「売ると決めたら売る」強さ
「やると決めたらやる。売ると決めたら売る」。坂本氏は自らの性格をそう表現する。
「たとえば売りたい、これが(売れ筋として)来ると思う商品があれば、専門のスーパーバイザー(SV)が反対しても、『いまのトレンドはこれなんです。だからここに置かないと』と言ってしまうこともありますね」。
スーパーバイザーは何店もの店舗を成長させた店長経験者が就くことが通例。そのやり手のSVさえも、説得してしまう押しの強さが、彼女の持ち味だ。
もちろん、ただ強引に押し切るのではない。自分の主張で相手を納得させるために、入念なリサーチは欠かさない。
休みの日は、競合店や参考となる店舗を何軒も回るほか、ファッション誌は毎月最低でも5冊は目を通す。プランタン銀座店においても、「どこのジーユーよりもおしゃれな店にする」と闘争心全開だ。
もちろん個人のファッション感度や販売力だけでは、重要拠点を率いる店長は務まらない。

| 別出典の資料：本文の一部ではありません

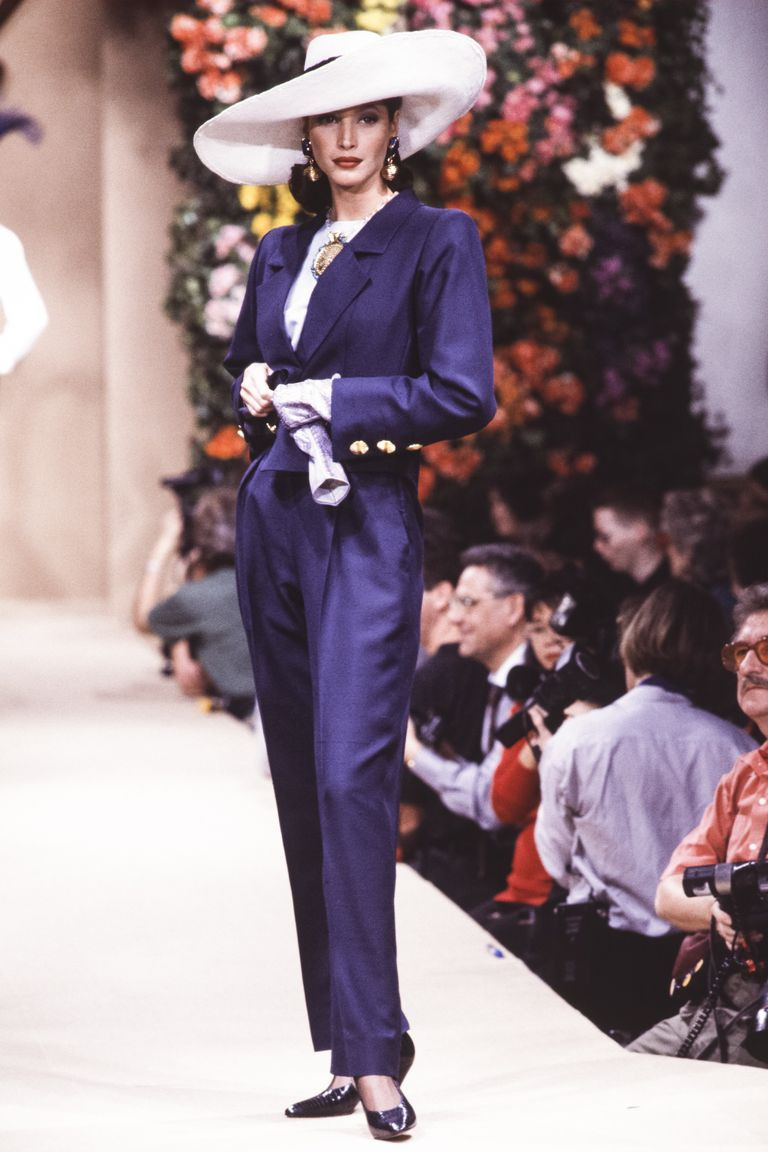 Christy Turlington featured in  the Saint Laurent fashion show for Spring/Summer 1993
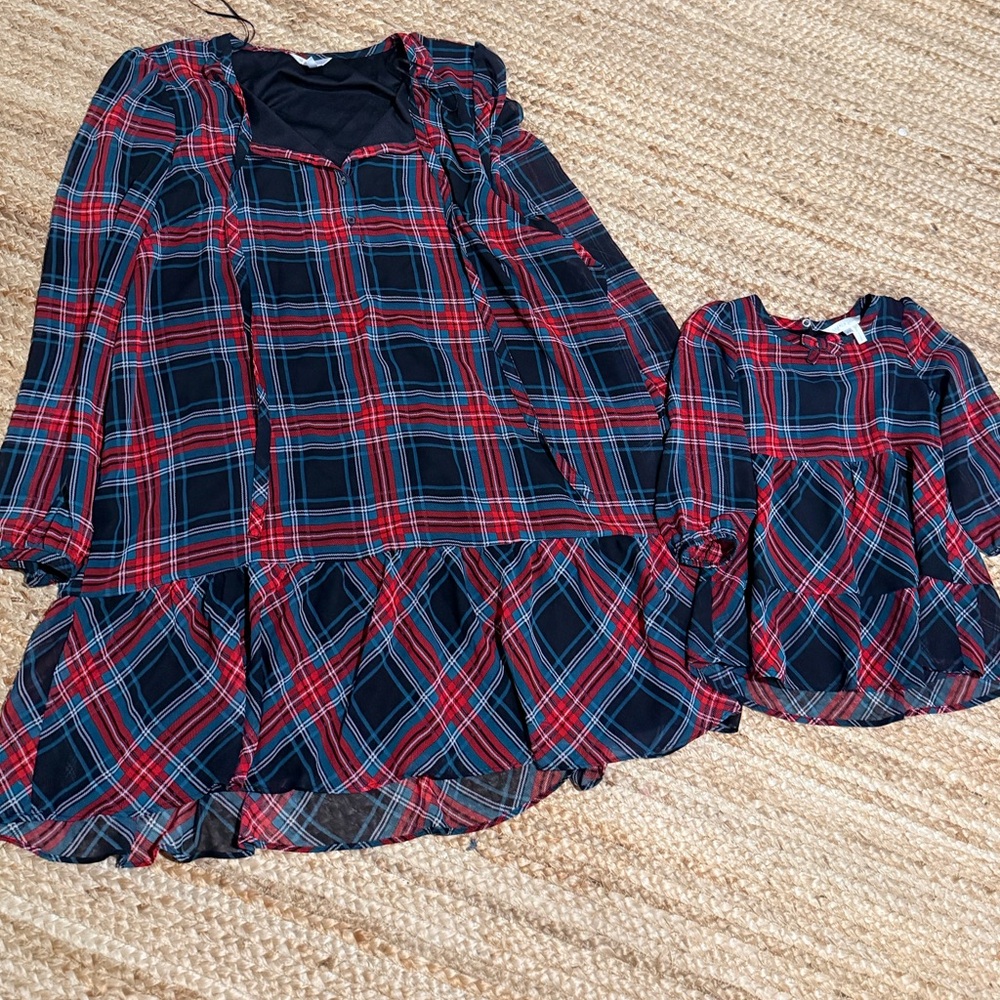 Mommy and me Plaid Dresses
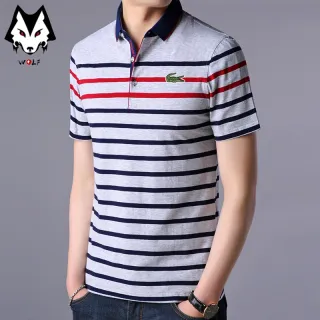Camiseta Manga Curta Listrada POLO Masculina com Lapela - Cinza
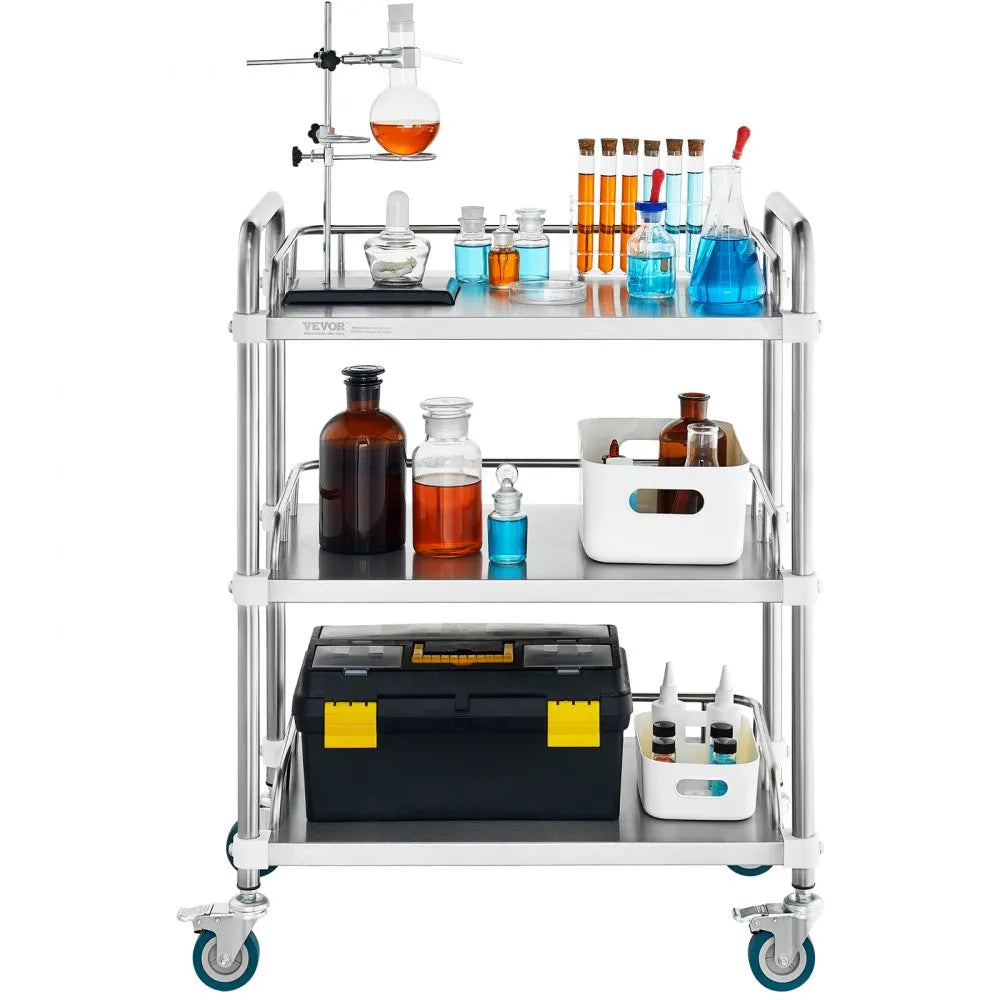 VEVOR Lab Rolling Cart, 3-Shelf Stainless Steel Rolling Cart, Lab Serving Cart with Swivel Casters, Dental Utility Cart for Clinic, Lab,  Hospital, Salon, 26.38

プランタン銀座店は、売り場面積も標準的な店舗に比べて90坪と半分だが、正社員は通常の1~2人に対して3人を配置。アルバイトスタッフも40人程度(標準店は30人強)を抱える大所帯だ。
そもそも既存店舗と新店では、越えるべきハードルの高さが違う。
新店の店長は、辞令の発動からほんの2ヶ月の間に、商品の発注から予算管理、スタッフのシフト調整といった通常の店長業務に加え、全スタッフを採用し、1から指導・教育していかなければならない。並々ならぬエネルギーが必要とされ、普通の精神力では乗り越えられない。
坂本氏はどのようにして今の強さを手に入れたのか。その背景には、入社から約1年後、新米店長時代の経験がある。
坂本氏は大学卒業後、FR傘下で靴専門店「フットパーク」を運営するワンゾーンに入社した。
「靴は、日本では一番気を使われていないファッションアイテム。洋服は何着と持っていても、靴を何足も持っている人はそうは多くない。それが手に届きやすい価格で服と同じように提案できたら。そんな可能性がおもしろいと思ったんです」。